> [WORK REQUEST]: From the material below, pull each line containing the string "ตอนท".

————————

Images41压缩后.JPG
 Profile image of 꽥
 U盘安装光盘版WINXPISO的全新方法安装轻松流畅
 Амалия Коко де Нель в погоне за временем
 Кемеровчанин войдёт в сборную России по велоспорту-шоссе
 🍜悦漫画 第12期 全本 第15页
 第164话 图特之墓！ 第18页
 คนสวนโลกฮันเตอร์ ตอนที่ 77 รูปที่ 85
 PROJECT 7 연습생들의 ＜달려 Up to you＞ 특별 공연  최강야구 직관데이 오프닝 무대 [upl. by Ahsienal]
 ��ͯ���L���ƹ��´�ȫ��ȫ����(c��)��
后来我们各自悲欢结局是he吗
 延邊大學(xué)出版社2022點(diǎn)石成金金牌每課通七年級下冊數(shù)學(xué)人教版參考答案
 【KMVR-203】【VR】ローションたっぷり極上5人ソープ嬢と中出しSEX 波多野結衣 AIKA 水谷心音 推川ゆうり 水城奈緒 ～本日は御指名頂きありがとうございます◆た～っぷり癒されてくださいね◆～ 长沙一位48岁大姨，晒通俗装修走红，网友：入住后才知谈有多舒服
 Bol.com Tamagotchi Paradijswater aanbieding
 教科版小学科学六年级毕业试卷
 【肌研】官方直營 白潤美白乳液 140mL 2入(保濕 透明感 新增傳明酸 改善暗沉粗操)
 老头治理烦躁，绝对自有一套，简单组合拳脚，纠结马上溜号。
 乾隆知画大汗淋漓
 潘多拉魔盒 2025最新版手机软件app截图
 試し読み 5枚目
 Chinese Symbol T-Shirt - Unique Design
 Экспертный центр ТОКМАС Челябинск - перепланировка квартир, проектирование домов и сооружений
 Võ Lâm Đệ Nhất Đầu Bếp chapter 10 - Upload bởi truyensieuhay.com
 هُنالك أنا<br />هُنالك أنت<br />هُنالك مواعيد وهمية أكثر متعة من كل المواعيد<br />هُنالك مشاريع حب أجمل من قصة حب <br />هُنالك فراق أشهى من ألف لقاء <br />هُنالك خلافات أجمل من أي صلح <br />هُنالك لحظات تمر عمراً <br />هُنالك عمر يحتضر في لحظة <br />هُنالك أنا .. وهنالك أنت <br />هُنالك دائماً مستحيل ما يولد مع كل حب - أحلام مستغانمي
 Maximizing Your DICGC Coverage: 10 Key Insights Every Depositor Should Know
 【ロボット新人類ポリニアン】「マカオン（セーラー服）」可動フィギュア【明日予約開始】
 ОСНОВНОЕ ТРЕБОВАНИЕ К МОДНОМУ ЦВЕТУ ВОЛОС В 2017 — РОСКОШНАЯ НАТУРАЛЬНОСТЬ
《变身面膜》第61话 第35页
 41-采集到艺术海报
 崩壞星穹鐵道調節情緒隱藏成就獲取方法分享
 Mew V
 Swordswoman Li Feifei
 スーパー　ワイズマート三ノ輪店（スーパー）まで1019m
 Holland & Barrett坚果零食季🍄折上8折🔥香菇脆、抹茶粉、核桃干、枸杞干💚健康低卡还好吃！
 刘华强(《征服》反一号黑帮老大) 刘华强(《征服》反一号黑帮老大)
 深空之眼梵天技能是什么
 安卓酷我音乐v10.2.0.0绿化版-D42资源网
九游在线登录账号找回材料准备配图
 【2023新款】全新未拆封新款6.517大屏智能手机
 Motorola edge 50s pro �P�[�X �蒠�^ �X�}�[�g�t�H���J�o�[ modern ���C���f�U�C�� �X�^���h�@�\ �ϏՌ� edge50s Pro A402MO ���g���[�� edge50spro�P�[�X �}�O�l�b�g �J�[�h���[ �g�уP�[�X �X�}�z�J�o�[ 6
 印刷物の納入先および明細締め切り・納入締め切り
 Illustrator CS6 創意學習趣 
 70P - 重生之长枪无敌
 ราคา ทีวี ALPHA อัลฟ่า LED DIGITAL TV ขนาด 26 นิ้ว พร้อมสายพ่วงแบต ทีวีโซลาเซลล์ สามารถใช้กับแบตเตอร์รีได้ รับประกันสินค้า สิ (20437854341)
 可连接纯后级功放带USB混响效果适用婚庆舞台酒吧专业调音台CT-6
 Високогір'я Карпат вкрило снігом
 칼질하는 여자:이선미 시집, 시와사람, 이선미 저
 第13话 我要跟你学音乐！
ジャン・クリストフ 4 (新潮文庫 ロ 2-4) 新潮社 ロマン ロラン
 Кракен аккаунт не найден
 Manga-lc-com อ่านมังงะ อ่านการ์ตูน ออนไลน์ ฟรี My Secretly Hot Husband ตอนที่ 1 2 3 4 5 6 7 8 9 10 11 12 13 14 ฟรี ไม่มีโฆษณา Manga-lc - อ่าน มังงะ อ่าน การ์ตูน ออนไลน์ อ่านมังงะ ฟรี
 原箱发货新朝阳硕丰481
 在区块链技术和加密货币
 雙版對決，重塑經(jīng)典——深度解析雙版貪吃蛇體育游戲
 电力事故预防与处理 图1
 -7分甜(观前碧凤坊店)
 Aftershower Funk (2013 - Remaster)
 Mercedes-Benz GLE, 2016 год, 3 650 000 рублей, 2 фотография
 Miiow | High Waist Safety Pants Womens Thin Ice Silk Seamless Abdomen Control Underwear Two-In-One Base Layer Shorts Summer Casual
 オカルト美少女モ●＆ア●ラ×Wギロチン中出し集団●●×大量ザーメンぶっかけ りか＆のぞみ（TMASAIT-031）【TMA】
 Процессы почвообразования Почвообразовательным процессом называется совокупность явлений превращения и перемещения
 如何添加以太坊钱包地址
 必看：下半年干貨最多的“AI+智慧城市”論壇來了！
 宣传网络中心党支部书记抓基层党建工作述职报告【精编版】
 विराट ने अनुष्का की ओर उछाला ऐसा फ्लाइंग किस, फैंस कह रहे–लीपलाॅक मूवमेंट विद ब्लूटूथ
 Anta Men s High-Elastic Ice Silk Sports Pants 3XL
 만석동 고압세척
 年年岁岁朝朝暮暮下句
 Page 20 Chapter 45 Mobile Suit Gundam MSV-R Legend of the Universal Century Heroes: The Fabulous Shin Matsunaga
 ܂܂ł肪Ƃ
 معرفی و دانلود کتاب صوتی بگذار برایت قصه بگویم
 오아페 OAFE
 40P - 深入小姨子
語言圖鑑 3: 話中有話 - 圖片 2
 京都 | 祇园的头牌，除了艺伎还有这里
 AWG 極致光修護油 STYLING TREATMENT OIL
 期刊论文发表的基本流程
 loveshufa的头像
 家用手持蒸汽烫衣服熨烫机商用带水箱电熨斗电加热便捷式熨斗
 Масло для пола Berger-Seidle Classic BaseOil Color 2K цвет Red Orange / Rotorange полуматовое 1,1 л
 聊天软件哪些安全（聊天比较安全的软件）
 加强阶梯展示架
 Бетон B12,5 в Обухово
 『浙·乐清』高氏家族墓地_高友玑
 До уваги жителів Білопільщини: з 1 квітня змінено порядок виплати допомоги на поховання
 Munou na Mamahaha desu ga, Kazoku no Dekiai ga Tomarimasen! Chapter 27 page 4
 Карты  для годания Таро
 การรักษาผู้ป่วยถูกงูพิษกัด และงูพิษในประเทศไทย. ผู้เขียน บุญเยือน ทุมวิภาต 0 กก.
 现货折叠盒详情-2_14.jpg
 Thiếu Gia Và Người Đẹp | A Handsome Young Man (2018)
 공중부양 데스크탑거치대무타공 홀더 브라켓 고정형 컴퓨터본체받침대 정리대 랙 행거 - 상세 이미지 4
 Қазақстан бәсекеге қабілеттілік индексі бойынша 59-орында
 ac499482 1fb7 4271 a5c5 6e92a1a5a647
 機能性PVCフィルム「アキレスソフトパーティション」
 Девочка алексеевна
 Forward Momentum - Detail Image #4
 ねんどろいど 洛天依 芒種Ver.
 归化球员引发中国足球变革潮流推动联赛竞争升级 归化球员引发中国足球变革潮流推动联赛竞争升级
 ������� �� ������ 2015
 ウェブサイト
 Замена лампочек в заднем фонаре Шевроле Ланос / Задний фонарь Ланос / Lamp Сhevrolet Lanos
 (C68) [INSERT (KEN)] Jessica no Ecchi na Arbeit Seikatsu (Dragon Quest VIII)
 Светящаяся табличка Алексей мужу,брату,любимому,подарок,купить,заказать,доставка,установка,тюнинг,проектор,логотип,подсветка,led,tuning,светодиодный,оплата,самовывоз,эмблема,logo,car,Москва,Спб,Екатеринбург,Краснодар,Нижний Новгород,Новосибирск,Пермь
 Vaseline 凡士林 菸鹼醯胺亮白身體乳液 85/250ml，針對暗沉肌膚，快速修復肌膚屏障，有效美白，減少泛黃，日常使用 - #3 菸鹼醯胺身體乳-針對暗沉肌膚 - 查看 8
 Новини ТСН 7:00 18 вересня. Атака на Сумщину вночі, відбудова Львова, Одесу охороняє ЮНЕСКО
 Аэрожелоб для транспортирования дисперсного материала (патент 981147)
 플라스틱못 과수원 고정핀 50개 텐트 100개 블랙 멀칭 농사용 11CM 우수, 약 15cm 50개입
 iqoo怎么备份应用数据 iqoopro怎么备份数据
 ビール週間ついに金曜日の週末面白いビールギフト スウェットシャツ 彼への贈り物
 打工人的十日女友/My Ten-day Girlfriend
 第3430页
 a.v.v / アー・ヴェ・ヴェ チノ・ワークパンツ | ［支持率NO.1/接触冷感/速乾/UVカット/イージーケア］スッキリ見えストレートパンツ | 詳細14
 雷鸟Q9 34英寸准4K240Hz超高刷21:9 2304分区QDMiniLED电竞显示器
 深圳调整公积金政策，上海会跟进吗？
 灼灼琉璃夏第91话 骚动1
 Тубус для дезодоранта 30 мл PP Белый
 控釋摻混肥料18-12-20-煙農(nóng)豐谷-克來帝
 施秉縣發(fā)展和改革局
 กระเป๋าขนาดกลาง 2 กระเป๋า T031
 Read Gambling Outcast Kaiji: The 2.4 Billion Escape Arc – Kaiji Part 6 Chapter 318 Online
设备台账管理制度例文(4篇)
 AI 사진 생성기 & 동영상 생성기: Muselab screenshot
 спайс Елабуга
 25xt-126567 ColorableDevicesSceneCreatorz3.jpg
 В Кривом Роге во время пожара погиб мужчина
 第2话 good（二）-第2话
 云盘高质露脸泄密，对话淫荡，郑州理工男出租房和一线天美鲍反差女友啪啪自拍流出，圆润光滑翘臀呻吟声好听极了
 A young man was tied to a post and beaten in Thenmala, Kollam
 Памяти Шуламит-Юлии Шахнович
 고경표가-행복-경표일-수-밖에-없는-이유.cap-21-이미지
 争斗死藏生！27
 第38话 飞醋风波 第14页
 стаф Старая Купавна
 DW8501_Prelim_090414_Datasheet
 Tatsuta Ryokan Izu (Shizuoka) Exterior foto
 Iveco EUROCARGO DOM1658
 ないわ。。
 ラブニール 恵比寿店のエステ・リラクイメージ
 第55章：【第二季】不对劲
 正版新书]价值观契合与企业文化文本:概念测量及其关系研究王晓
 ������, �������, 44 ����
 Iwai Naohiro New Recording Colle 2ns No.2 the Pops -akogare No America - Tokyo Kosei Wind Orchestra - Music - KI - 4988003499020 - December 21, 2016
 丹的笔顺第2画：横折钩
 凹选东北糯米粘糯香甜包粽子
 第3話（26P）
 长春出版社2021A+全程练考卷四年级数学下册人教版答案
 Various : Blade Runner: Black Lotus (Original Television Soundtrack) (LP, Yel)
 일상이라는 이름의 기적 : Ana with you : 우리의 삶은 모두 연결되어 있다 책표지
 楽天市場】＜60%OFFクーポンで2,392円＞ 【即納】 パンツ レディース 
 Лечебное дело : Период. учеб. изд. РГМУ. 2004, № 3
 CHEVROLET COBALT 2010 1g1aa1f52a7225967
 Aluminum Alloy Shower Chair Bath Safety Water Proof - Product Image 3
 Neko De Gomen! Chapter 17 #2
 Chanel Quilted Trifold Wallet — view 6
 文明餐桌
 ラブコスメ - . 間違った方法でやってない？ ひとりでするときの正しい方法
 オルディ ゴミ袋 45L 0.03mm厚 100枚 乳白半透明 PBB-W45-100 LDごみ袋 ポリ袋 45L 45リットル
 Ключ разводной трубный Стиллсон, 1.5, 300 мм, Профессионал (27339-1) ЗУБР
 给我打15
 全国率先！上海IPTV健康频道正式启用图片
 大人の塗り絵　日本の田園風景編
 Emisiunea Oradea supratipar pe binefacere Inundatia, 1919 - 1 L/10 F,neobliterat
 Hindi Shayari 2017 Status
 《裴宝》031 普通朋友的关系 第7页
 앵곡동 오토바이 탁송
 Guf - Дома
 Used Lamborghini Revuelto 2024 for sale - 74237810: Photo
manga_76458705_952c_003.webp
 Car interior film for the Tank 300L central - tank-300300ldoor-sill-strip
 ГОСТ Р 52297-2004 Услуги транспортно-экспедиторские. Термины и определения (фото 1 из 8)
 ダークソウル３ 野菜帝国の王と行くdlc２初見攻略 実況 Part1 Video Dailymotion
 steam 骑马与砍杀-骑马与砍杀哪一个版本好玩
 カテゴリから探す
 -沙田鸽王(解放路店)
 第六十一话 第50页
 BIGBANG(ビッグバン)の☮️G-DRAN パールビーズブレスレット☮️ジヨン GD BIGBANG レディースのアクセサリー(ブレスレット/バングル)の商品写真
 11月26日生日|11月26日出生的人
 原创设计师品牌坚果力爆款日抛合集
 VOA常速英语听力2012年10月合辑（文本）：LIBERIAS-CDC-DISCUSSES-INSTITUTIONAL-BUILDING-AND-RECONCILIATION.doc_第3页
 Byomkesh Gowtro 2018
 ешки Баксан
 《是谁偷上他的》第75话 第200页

————————

> [RESPONSE TO THE EXERCISE]:
 คนสวนโลกฮันเตอร์ ตอนที่ 77 รูปที่ 85
 Manga-lc-com อ่านมังงะ อ่านการ์ตูน ออนไลน์ ฟรี My Secretly Hot Husband ตอนที่ 1 2 3 4 5 6 7 8 9 10 11 12 13 14 ฟรี ไม่มีโฆษณา Manga-lc - อ่าน มังงะ อ่าน การ์ตูน ออนไลน์ อ่านมังงะ ฟรี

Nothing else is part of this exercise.